Toute une kyrielle de vieilles gens remplissaient leurs assiettes. Joan Cross était dans son fauteuil roulant. Elle avait pleuré. Et il y avait ce grand crétin de Timothy Hollingshed qui, tout désargenté qu’il fût, ne se déparait jamais de son aristocratique arrogance.

Elvera passait dans la foule avec une bouteille de vin rouge dans un décanteur. Les verres étaient alignés sur une desserte. Un bon petit verre de vin, ça ne se refuse pas, songea Marklin.

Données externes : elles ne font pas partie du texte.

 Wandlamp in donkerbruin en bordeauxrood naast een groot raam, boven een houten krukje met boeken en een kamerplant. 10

Soudain, il se vit dans l’avion pour l’Amérique, détendu, pieds nus, une hôtesse lui servant un verre et un succulent repas. Ce n’était plus qu’une question d’heures.

Le glas sonnait toujours. Près de lui, des hommes parlaient italien. Un peu plus loin se tenaient de vieux Anglais bougons, les amis d’Aaron, dont la plupart avaient pris leur retraite. Il y avait aussi une jeune femme ou, plutôt, une femme qui paraissait relativement jeune, aux cheveux noirs et aux yeux fortement maquillés. Marklin reconnut encore Bryan Holloway, d’Amsterdam, et les jumeaux anémiques de Rome aux yeux globuleux.

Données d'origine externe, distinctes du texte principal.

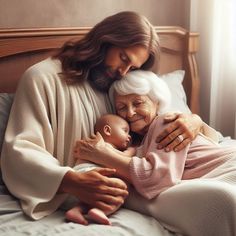 a woman holding a baby while laying on top of a bed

Personne ne regardait vraiment personne mais tout le monde parlait ensemble. L’ambiance était solennelle mais conviviale. Chacun y allait de son couplet sur Aaron, et Marcus semblait complètement oublié. Il y avait de quoi. S’ils savaient comme il avait été acheté à bon compte !

— Un peu de vin, messieurs ? leur proposa Elvera en montrant la rangée de verres à pied en cristal.

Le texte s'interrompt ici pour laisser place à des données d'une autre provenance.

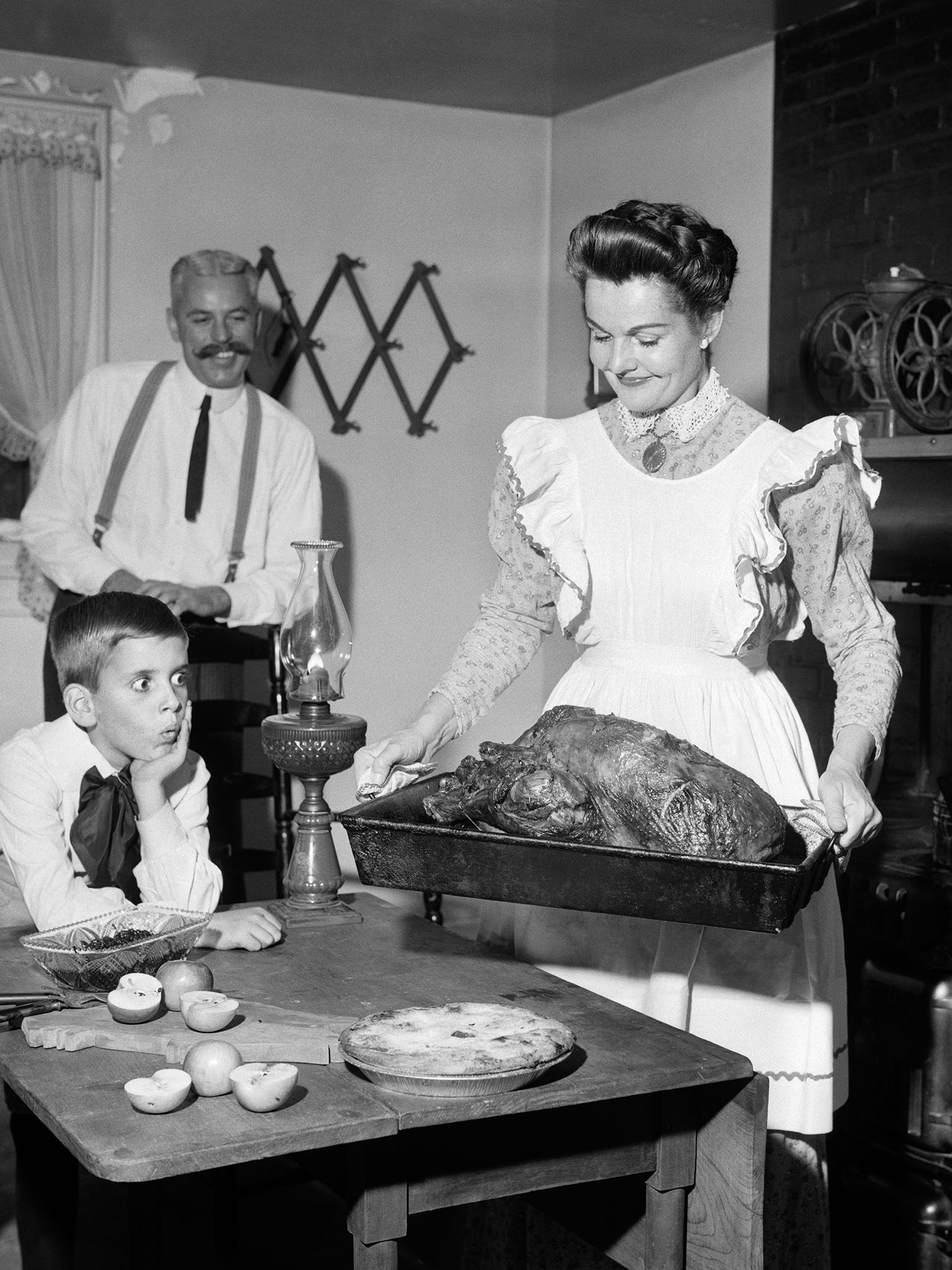 A photograph taken in 1950 shows the types of aprons worn by maids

On avait sorti la vaisselle des grands jours et les couverts anciens en argent ouvragé.

— Non merci, déclina Tommy. Je ne pourrai pas manger avec une assiette dans une main et un verre dans l’autre.

Un rire s’éleva au milieu des murmures. Joan Cross était seule. Elle avait posé son front sur sa main.

— Mais qui veillons-nous ? demanda Marklin à voix basse. Marcus ou Aaron ?

Les bougies jetaient une lueur éblouissante dans la pénombre. Il cligna des yeux. Il avait toujours aimé l’odeur de la cire mais, là, c’était trop.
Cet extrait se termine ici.